彼女との距離感

 リヴァイが戻ってこないうちに、家具屋さんが素早いことに商品をささっと持って来てくれた。トレーとケースはクロスをひいた机にまとめて置いてもらい、ミニ机は店の中まで持って来てもらった。
 飲み物を買って帰って来たリヴァイは、スタバでいえばグランデサイズのカップを手にしていた。

「どうしたのそれ」
「もらった」
「……誰に?」
「ドリンク店のおばさん」
「ああ、スポーツドリンクもどきの」
「もどきの」

 リヴァイはこくりと頷きながらカップをミニ机に置いた。座ったままミニ机を拭いて、椅子の上からパンの入った袋を移動させる。カップを机に置くと、いわゆるストローのようなものがささっていたのが分かった。2本。同じカップで飲むんだな……ごくり。

 パンの袋を開けてベーグル、カステラ、お手拭きを取りだした。野菜と肉を挟んだもの・果物を練り込んだもののベーグルをひとつずつと、いたく気に入ってくれたカステラ、そして必需品のお手拭き。私たちは露店の外を向いて隣同士に座っている状態で、風がそよぐ度にリヴァイの方からは石鹸の香りがした。この間アルコールと消毒の話をしてからというもの、リヴァイは清潔を心がけていた。会う度会う度、いい匂いがするなあと思うのだ。
 お手拭きで念入りに汚れをふき取った後、ミニボトルからアルコールを少量手に取る。少し多めに出てしまったので、手のひらを上にして待ちかまえていたリヴァイにおすそ分けした。

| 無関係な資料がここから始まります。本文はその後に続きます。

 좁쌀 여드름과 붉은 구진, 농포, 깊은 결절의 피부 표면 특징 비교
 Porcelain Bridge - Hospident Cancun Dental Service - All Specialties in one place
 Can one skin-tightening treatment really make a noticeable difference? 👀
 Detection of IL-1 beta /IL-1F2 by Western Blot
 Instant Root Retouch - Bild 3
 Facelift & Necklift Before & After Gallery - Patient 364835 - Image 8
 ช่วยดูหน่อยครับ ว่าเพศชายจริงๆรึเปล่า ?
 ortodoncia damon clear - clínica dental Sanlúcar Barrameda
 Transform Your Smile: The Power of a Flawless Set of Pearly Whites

 ご飯を食べた後は二人で露店の掃除をした。もともとある程度は綺麗だったがやはり食品を扱うとあってはより綺麗にすべきだろうということである。綺麗すぎて困ることはないしね。直径が異なる棒に布を巻き付けたものは、あまり出番がなかったため、まとめてひもで束ねておいた。家では大活躍なんだけどなあ。
 二人して背の届かないところは椅子に乗ったりして、どうにか清掃をやり終えた。




 翌日、さっそく露店でパンを売り始めた。私が来た時にはすでにリヴァイは来ており、机の上にトレーを並べてくれていた。それだけでなく、購入後パンを入れてお渡しする袋にかさかさと折り目をつけていてくれている。あとはこれを貼りつけて行って、底にマチを付ければ良い。折り目はきっちりと揃っており、糊づけする箇所も歪みなくまっすぐである。

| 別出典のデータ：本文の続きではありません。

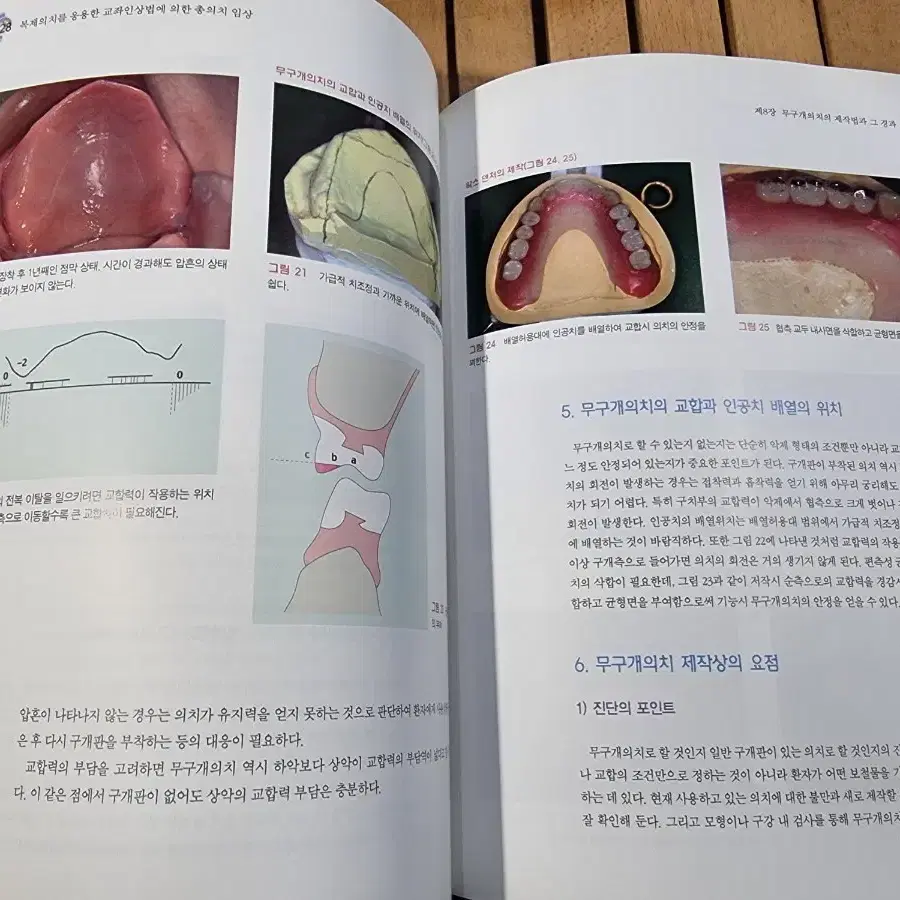 복제의치를 응용한 교좌인상법에 의한 총의치 임상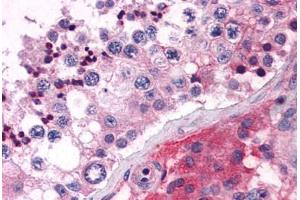 Anti-ELOVL5 antibody  ABIN1048538 IHC staining of human testis. (ELOVL5 Antikörper  (C-Term))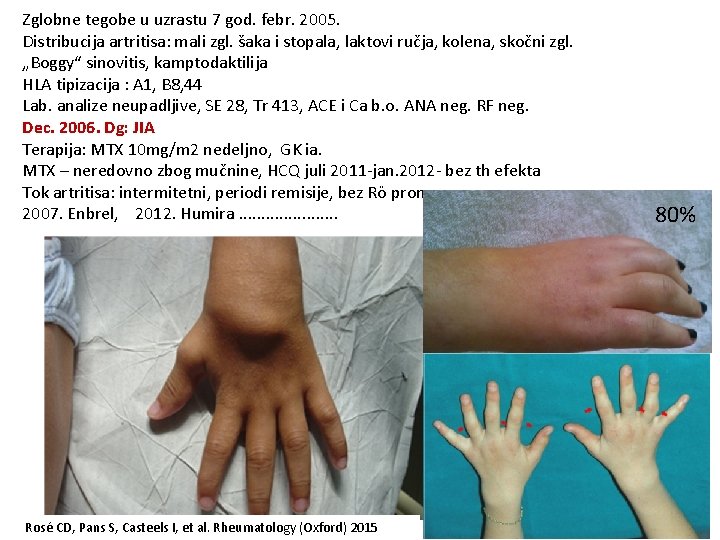 Zglobne tegobe u uzrastu 7 god. febr. 2005. Distribucija artritisa: mali zgl. šaka i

 私が来たことに気付くと袋作りを中断し、パンの陳列を手伝ってくれた。ケースにアルコールを噴霧……というか散布して白い布を敷きつめ、その上にもアルコールを撒く。そしてその上に種類ごとにパンを並べていくのだが、この時も列の歪みなくびしっと並べて行ってくれるので頼もしい限りである。陳列はリヴァイに任せ、私は椅子に置いたななめかけかばんから旗を取りだした。

 駅伝の時に観客が振っているようなミニフラッグ。一般的なパンの絵をちまちま刺しゅうし、様々な色の糸で模様を作ったものだ。少し大きめなので、竹で作った筒に差し込んでみても布の重さでぽろりと落ちてしまわないよう柄の部分を長めにとった。柄の途中には十字になるように枝がくくりつけられており、竹の筒にすっぽり入ってしまわないように返しのようなものをつけた。竹の筒は下から柄がはみ出るようになっているが、これは仕様であり、はみ出した柄は穴があけられているので地面に置いた重りとくくりつけられるようになっているのだ。
 そして光に反射してキラキラするように、またシャラシャラと音が鳴るように旗の下の部分には小さい綺麗な石が連なっている。昨日左隣の小物屋さんで買った髪紐を利用したのだ。
 通りに面した露店の柱に、パン屋さんだという目印になるをくくりつけようと思い、椅子をえっちらおっちら運ぶ。

 まずは竹の筒から固定する作業からだが、なかなか背が届かず四苦八苦していたら「……貸してみろ」と言ったリヴァイにかすめ取られる。彼は柱を傷つけることなく見事に筒を取りつけた。旗を渡して差し込んでもらう。風に揺れた旗は涼やかな音を響かせる。
 落ちることなくゆらゆらと揺れているのでとりあえずは成功と言ったところか。雨風と日光にさらされることで劣化していくはずなので、逐一気にしておいて、ぼろくなる前に変えようと思う。

835年、基盤が整い新たなスタートを迎えた夏であった。